Extracted data entries
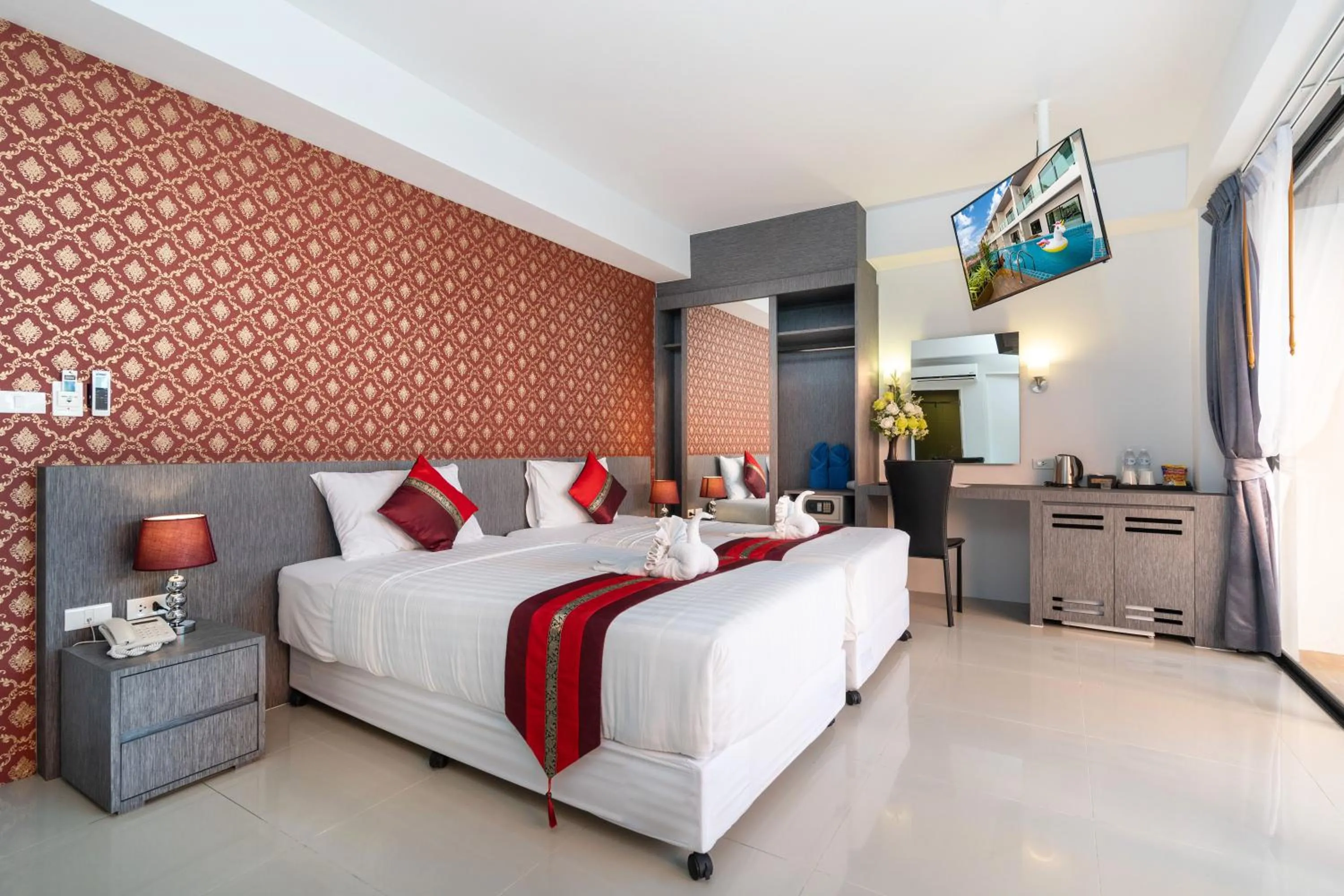 Communal lounge/ TV room, Bed in The Thames Pool Access Resort & Villa - SHA Extra Plus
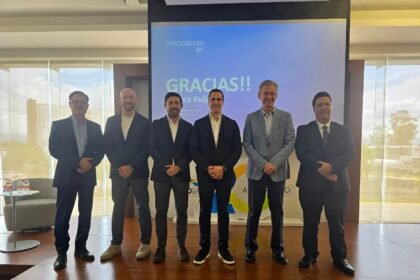 En Guanajuato Puerto Interior, se llevó a cabo un encuentro entre representantes empresariales, académicos y aliados estratégicos para abordar la competitividad industrial y el nuevo panorama de la manufactura de exportación en México. Este evento, organizado por Guanajuato Puerto Interior y Prodensa, se centró en la situación actual del T-MEC, el nearshoring y el cumplimiento normativo para empresas IMMEX.

El director general de Guanajuato Puerto Interior, Héctor López Santillana, subrayó la transformación económica del estado hacia la industria global, destacando el papel fundamental de la colaboración público-privada en este proceso. Explicó que la centralidad geográfica de Guanajuato es clave para diversificar la economía y competir en el mercado internacional.

Marco Kuljacha, presidente de Grupo Prodensa, compartió su visión sobre el avance de la manufactura en México en los últimos 20 años, donde Guanajuato se ha convertido en un referente en la industria automotriz. Advirtió sobre la nueva complejidad del nearshoring y la necesidad de que las empresas evalúen su relación con el T-MEC, cuya revisión no ha llevado a su finalización, aunque sí a negociaciones continuas.

Arturo Quintero, director de Administración y Finanzas de Prodensa, presentó las dificultades que enfrentan las empresas en el contexto actual, haciendo hincapié en la importancia de la gestión proactiva ante los cambios regulatorios y fiscales. Recomendó fortalecer la gestión de flujo de efectivo y asegurar la trazabilidad de las operaciones para cumplir con los requisitos legales.

El encuentro también brindó espacio para que los asistentes intercambiaran inquietudes con los especialistas, reforzando así el compromiso del Gobierno de la Gente y Guanajuato Puerto Interior de fomentar análisis y colaboración en el sector empresarial local.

## WHAT TO DO
A reply should hold exactly the lines from the one containing "Arturo Quintero, director" through the end of the data above, nothing more.

## EXERCISE RESPONSE
Arturo Quintero, director de Administración y Finanzas de Prodensa, presentó las dificultades que enfrentan las empresas en el contexto actual, haciendo hincapié en la importancia de la gestión proactiva ante los cambios regulatorios y fiscales. Recomendó fortalecer la gestión de flujo de efectivo y asegurar la trazabilidad de las operaciones para cumplir con los requisitos legales.

El encuentro también brindó espacio para que los asistentes intercambiaran inquietudes con los especialistas, reforzando así el compromiso del Gobierno de la Gente y Guanajuato Puerto Interior de fomentar análisis y colaboración en el sector empresarial local.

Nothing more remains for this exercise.